La vida no termina nunca de sorprenderme. Las múltiples vueltas y revueltas que da, los atajos y caminos ocultos que escoge para llegar a lugares insospechados siempre me han fascinado y aterrorizado a la vez. Últimamente más lo segundo que lo primero. La sensación es como la de paceder una especie de ceguera temporal, el no poder ver hacia donde me dirijo, aún teniendo una idea bastante clara del destino final y del resultado a obtener.
Sin embargo, el proceso está siendo más duro de lo que pensaba y el no poder ver o sentir con claridad alguna sensación real de avance me hace cuestionar y pensar gravemente todos y cada uno de mis pasos: ¿Debo esperar resultados inmediatos? ¿Sigue siendo la paciencia una virtud imprescindible? ¿La actitud correcta es la de agresividad sin importar los medios para conseguir el resultado? ¿O debo más bien confiar en que el universo conspira a mi favor al leer en mi mente el destino final al que quiero llegar?
Hasta ahora, todas estas preguntas siguen sin respuesta. El camino se llena de encrucijadas que crecen por momentos, sólo paliadas por las acciones automáticas o rutinarias, que me hacen sentir, aunque sea por un breve instante, que de alguna manera, estoy caminando y moviéndome. Aunque esto último genera otra pregunta: ¿Es necesario moverse o el mundo se mueve alrededor mío?

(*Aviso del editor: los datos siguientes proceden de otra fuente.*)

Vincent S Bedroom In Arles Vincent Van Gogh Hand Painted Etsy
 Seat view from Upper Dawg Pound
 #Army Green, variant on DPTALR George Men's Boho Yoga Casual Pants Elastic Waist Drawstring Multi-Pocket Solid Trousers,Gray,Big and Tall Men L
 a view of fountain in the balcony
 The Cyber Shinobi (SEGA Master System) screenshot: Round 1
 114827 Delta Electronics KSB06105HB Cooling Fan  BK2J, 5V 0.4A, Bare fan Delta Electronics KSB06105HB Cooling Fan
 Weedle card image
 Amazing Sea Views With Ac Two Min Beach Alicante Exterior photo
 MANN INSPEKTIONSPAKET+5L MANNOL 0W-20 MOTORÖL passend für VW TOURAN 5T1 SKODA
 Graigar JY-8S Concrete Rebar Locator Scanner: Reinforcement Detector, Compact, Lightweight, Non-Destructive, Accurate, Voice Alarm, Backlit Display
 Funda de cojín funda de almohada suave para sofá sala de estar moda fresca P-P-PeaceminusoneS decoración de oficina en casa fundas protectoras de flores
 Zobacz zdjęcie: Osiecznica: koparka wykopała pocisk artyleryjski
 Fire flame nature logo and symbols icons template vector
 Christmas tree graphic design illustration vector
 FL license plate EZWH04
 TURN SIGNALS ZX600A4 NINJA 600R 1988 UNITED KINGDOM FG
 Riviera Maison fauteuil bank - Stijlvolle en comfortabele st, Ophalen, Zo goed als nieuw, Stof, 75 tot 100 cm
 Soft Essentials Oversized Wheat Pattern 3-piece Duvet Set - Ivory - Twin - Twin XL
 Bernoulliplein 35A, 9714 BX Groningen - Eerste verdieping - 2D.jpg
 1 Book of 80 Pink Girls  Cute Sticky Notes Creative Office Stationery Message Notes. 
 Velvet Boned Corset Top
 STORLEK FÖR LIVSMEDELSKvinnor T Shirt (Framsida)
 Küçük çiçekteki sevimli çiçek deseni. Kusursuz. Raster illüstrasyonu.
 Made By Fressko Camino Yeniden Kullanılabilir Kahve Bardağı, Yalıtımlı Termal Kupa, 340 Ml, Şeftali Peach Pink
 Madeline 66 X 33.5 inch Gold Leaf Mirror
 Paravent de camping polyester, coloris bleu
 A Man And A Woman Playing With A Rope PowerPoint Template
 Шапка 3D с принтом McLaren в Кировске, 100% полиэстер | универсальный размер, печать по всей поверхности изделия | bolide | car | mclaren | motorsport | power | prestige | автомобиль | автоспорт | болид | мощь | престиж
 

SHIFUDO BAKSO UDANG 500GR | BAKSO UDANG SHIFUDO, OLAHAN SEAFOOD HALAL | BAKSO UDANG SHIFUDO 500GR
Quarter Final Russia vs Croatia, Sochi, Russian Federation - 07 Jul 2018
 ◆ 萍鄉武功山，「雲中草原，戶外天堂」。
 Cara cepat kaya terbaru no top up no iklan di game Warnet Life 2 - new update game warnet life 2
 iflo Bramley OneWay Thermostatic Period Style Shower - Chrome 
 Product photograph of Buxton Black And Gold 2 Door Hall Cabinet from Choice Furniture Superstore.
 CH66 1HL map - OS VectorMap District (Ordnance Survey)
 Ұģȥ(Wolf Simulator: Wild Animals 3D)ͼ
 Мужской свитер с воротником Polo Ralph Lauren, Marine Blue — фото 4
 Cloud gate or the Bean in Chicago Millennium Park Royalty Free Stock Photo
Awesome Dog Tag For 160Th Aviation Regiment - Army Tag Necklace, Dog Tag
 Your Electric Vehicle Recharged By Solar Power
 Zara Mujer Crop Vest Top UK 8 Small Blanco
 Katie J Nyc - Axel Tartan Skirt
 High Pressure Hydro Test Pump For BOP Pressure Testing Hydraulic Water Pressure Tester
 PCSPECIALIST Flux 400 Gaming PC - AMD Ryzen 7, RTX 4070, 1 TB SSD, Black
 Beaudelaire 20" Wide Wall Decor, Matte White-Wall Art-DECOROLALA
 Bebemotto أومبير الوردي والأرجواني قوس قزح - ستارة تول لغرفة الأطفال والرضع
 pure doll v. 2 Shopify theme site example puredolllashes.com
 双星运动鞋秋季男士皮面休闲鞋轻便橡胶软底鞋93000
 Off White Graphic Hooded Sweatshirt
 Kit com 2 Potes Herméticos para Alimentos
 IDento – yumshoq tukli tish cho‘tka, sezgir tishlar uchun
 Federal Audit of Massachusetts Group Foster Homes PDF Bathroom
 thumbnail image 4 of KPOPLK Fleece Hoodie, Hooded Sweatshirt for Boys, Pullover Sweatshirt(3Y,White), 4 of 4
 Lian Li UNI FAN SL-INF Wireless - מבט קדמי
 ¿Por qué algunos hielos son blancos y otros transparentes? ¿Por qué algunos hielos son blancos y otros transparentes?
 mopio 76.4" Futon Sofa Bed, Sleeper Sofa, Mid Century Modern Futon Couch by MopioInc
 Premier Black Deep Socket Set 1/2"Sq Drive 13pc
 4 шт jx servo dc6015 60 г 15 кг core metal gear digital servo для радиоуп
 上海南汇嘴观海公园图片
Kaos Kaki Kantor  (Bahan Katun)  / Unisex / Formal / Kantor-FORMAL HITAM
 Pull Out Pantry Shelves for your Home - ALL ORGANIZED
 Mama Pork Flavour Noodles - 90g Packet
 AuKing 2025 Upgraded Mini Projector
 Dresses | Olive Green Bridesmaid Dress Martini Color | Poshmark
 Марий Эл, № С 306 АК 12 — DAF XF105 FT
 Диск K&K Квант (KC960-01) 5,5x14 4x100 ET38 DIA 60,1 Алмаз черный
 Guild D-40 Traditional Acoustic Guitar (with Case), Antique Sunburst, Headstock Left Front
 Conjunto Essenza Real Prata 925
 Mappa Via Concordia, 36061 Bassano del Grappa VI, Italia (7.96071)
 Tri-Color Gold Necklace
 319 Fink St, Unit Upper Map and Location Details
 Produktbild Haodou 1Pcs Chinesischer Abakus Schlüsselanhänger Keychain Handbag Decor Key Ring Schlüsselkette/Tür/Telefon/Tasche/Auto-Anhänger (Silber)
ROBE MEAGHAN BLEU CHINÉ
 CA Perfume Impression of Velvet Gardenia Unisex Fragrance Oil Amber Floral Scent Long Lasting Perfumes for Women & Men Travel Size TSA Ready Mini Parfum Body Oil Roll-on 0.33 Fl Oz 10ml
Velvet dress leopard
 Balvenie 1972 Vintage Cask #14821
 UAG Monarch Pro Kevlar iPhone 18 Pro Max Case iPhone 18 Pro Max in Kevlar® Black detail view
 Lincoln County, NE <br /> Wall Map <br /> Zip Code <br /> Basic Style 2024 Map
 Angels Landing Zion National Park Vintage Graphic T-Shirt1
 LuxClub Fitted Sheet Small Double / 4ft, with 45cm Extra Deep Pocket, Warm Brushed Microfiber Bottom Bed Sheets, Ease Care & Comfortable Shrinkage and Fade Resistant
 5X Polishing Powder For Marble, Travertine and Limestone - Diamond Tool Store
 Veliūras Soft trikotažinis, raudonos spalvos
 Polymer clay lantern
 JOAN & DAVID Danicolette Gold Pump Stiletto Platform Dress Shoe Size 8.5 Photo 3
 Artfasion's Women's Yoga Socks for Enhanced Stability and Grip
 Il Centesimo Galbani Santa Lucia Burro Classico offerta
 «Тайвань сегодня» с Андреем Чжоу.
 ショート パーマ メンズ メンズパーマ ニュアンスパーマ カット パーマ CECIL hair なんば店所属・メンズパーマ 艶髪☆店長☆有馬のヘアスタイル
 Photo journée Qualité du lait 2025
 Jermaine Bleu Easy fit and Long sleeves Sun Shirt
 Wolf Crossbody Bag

Douglas Harding sostenía que el “Gran Almacén”, de donde salen todas y cada una de las supuestas realidades que plagan nuestra vida, puede abrirse y cerrarse a voluntad, y que simplemente somos testigos del surgimiento y desaparición de lo que ocurre a nuestro alrededor. Me gusta la idea, sin embargo, a muchos de quienes me rodean en esta nueva realidad en la que he decidido vivir, al menos por un tiempo, les parece una tontería sin sentido, inmersos/as como están en la carrera sin fin del caballo en busca de la zanahoria, persiguiendo una felicidad que les es esquiva siempre y confiando que el mantenerse en actividad perpetua les permitirá, como a los tiburones, seguir con vida y no morir ahogados bajo el peso del insoportable tedio en el que hemos convertido la vida contemporánea.